Grab new bulbs, force industries to comply with tight restrictions, regurgitate solar/wind/nuclear all over America to replace coal. It’s that simple.
he says 8 years wasted i say 35 years wasted…i remember my dad talking about these same issues in 1974!!!
Verdillac @ 10:
Banging the heads of cow and pigs bloody with sledge hammers for meat consumption, I call that animal cruelty.
There can be no sustainability without population control. If we can’t find a way to stop population growth NOW then we may as well let the Earth go into the toilet sooner rather than later. Better that than watch every species and every resource be consumed so that whatever comes later will have something to use besides our garbage.

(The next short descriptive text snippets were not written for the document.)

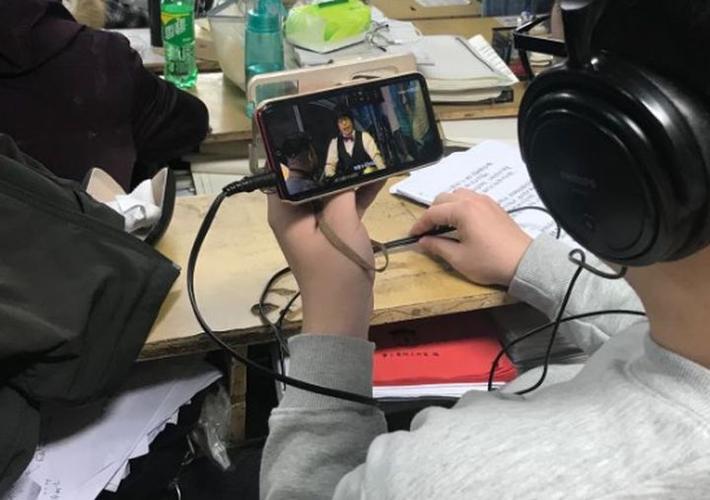 电脑为什么调不了音量截图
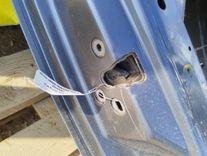 Замок двери передней левой NWQ09O Fiat Punto купить с доставкой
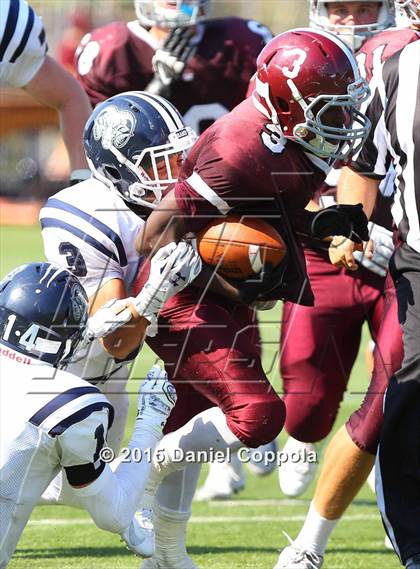 Thumbnail 3 in Randolph @ Morristown photogallery.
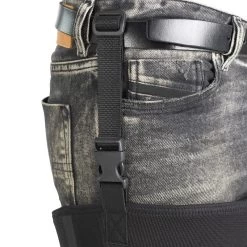 Cuissardes De Pêche 500 Thermo Néoprene 4mm -Équipement De Plein Air cuissardes de peche 500 thermo neoprene 4mm 6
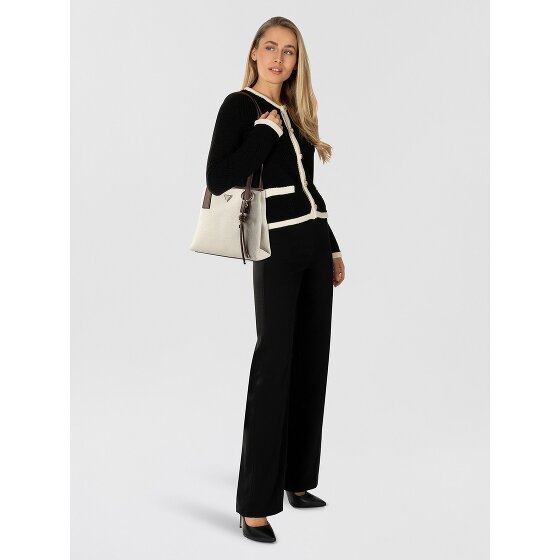 Guess Alice Schultertasche 22.5 cm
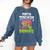 Math Teachers Love Brains Zombie Teacher School Halloween Comfort Colors Sweatshirt Denim Math Teachers Love Brains Zombie Teacher School Halloween Comfort Colors Sweatshirt Denim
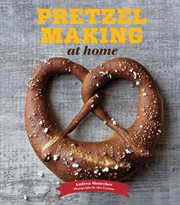 Pretzel Making at Home cover image cdn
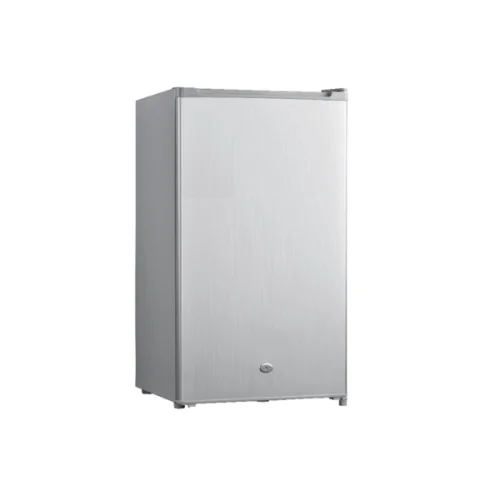 REFRIGERATEUR HAIER BAR 1PORTE 92LITRES SILVER HR-110S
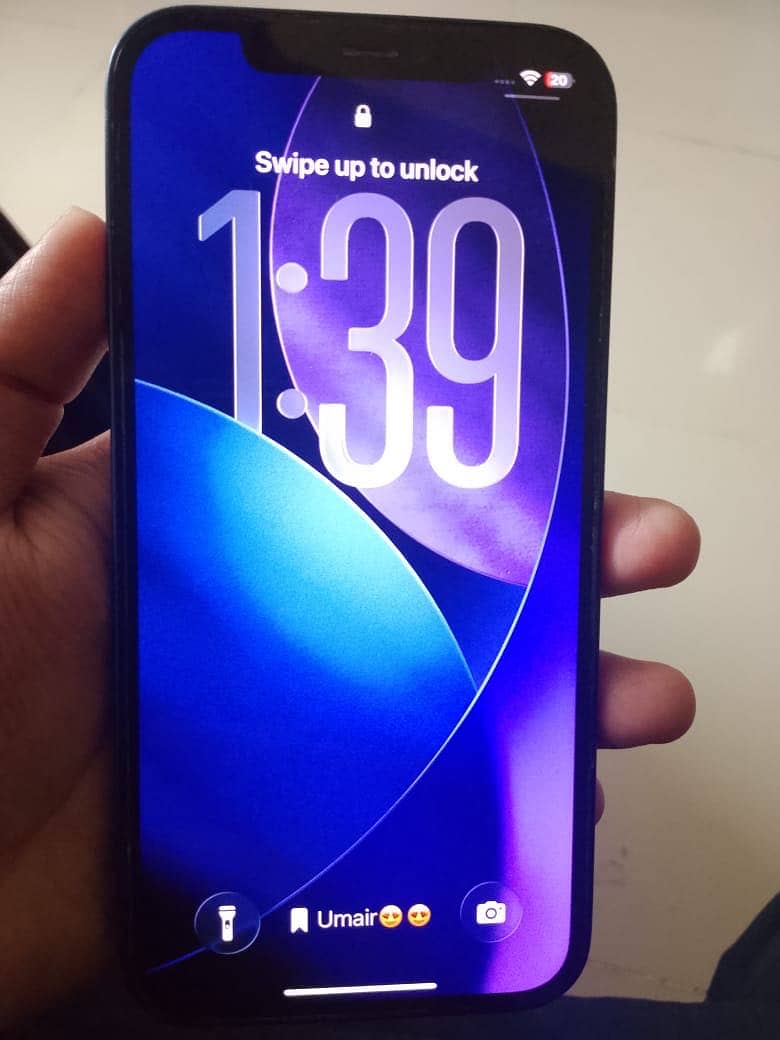 Apple iPhone 12 1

Dr Sachs encapsulates it so well. Sustainability is THE issue of our times, and solar energy, which the US has great tracks of uninhabited, sun rich southwestern deserts to take advantage of, has the added major advantage of a minimal environmental footprint.
Per a recent cover story in Scientic American: “A massive switch from coal, oil, natural gas and nuclear power plants to solar power plants could supply 69 percent of the U.S.’s electricity and 35 percent of its total energy by 2050″.
http://www.sciam.com/article.c.....grand-plan
@31 Ruthless People take your Obamazoid propoganda to another thread!
mojave not mohave
Anybody who thinks there is any hope for this planet I just have to give you one word of advice: ‘HA!’